Input for this task:
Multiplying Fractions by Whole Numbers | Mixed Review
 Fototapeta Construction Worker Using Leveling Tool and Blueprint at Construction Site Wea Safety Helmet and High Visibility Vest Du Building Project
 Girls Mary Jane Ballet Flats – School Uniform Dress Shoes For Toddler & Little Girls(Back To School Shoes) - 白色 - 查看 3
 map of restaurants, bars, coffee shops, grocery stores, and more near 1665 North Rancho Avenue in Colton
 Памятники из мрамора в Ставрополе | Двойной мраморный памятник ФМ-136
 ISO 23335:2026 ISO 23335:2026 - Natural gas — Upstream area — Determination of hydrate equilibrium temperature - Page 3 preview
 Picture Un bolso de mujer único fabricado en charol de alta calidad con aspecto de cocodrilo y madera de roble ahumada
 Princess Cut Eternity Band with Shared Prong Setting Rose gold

What you are asked to do: All lines from the one that holds "map of restaurants, bars, coffee" to the end of the entries above must be transcribed exactly, both ends included, and no others.

Exercise solution:
 map of restaurants, bars, coffee shops, grocery stores, and more near 1665 North Rancho Avenue in Colton
 Памятники из мрамора в Ставрополе | Двойной мраморный памятник ФМ-136
 ISO 23335:2026 ISO 23335:2026 - Natural gas — Upstream area — Determination of hydrate equilibrium temperature - Page 3 preview
 Picture Un bolso de mujer único fabricado en charol de alta calidad con aspecto de cocodrilo y madera de roble ahumada
 Princess Cut Eternity Band with Shared Prong Setting Rose gold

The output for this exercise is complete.